La causa di Alaa è universale e la prospettiva globale e transnazionale che le è centrale ne costituisce la dimensione di speranza, insieme all’atteggiamento di responsabilità individuale a cui ci chiama. Nel 2017 ad Alaa viene consentito di mandare una lettera alla RightsCon, una conferenza di techies sul rapporto tra etica e tecnologie, cui era già stato invitato a ridosso della condanna del 2011 e scrive:
Viviamo in tempi estremamente reazionari. La mia sconfitta era inevitabile. […] A differenza di me non siete ancora stati sconfitti. Non ho molto da dire né consigli da dare. Dopo tutto sono fuori dal mondo e mi sento leggermente datato. Il meglio che posso fare è ripetere i temi che toccavo […] in passato. Migliorate la vostra democrazia […]: se i diritti umani fanno un passo indietro in un contesto in cui la democrazia ha radici profonde, ciò sarà sicuramente usato come pretesto da società in cui i diritti sono più fragili; non fate il gioco delle nazioni: […] ci rivolgiamo a voi non perché siamo alla ricerca di potenti alleati, ma perché affrontiamo gli stessi problemi globali, condividiamo valori universali e crediamo fermamente nel potere della solidarietà; difendete la complessità e la diversità […] rivendicate il vostro diritto ad essere creatori, non consumatori. (p. 191-4)

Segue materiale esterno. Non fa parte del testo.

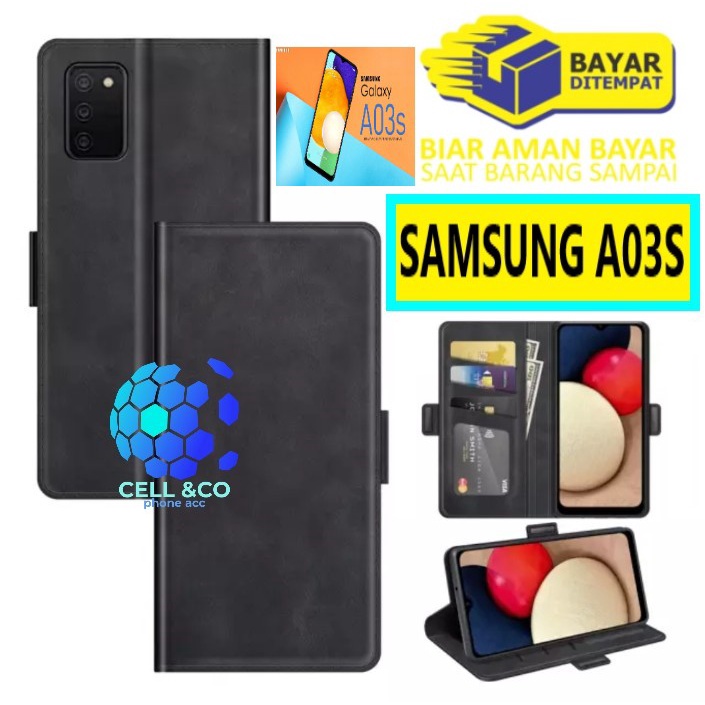 Flip cover SAMSUNG A03S Flip case buka tutup kesing hp casing flip case leather wallet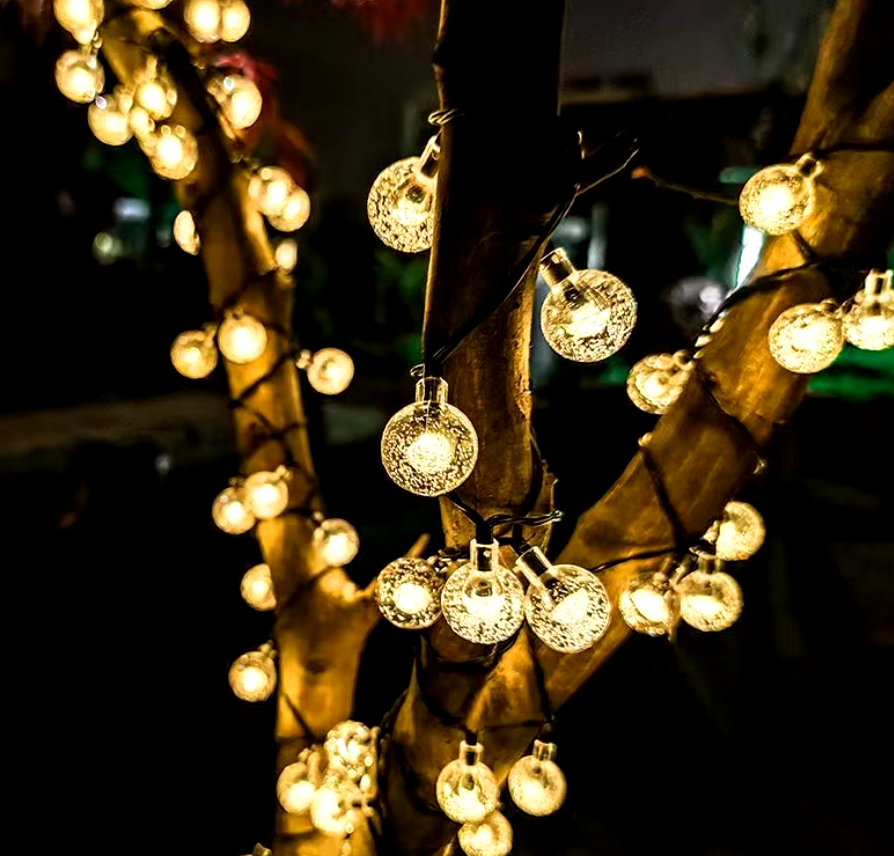 Luces Navideñas (Tipo Guirnalda) + carga solar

È imperativo concludere con le parole di Alaa. Il suo appello, che interroga direttamente chiunque creda nella possibilità stessa di sovvertire l’attuale narrazione del potere e costruire qualcosa di nuovo, è un invito all’azione e alla lotta contro le forze dell’indifferenza “che potentemente operano nella storia”,5 ancora più incisivo nella misura in cui arriva dal profondo del dispositivo repressivo. Non lasciamolo cadere inascoltato.
1Questa sezione introduttiva è un adattamento narrativo del post Facebook di Ahdaf Soueif, romanziera, intellettuale ed attivista egiziana nonché zia materna di Alaa Abd el Fattah, dello scorso 5 novembre. https://www.facebook.com/ahdafsoueif
2Insieme ad Alaa Abd el Fattah, blogger e attivista, in aula siedono Mohamed al Baqer, avvocato specializzato in diritti umani e membro fondatore del Centro per le libertà e i diritti Adala, arrestato nel settembre 2019, e Mohammed Ibrahim Radwan, noto come Oxygen, blogger arrestato per aver denunciato irregolarità nelle operazioni di voto delle presidenziali del 2018. Per una recentissima esposizione generale delle irregolarità processuali, si veda https://barhumanrights.org.uk/continued-prosecution-and-detention-of-alaa-abd-el-fattah-mohamed-el-baqer-and-others-before-the-egyptian-state-security-court-raises-concern-about-egypts-profound-rule-of-law-crisis/?fbclid=IwAR3IcJ80EEL0EAT4uK4BuHC74w9EaW8Q9Nw9N31NMpzYDtPiHy1tWnPDJaY
3You have not been defeted: selected works, 2011-2021, Londra, Fitzcarraldo, 2021
4Emanuele Russo, presidente di Amnesty International Italia, durante la presentazione di Non siete ancora stati sconfitti al Salone Internazionale del Libro di Torino, 15 ottobre 2021.
5Antonio Gramsci, Indifferenti, 11 febbraio 1917.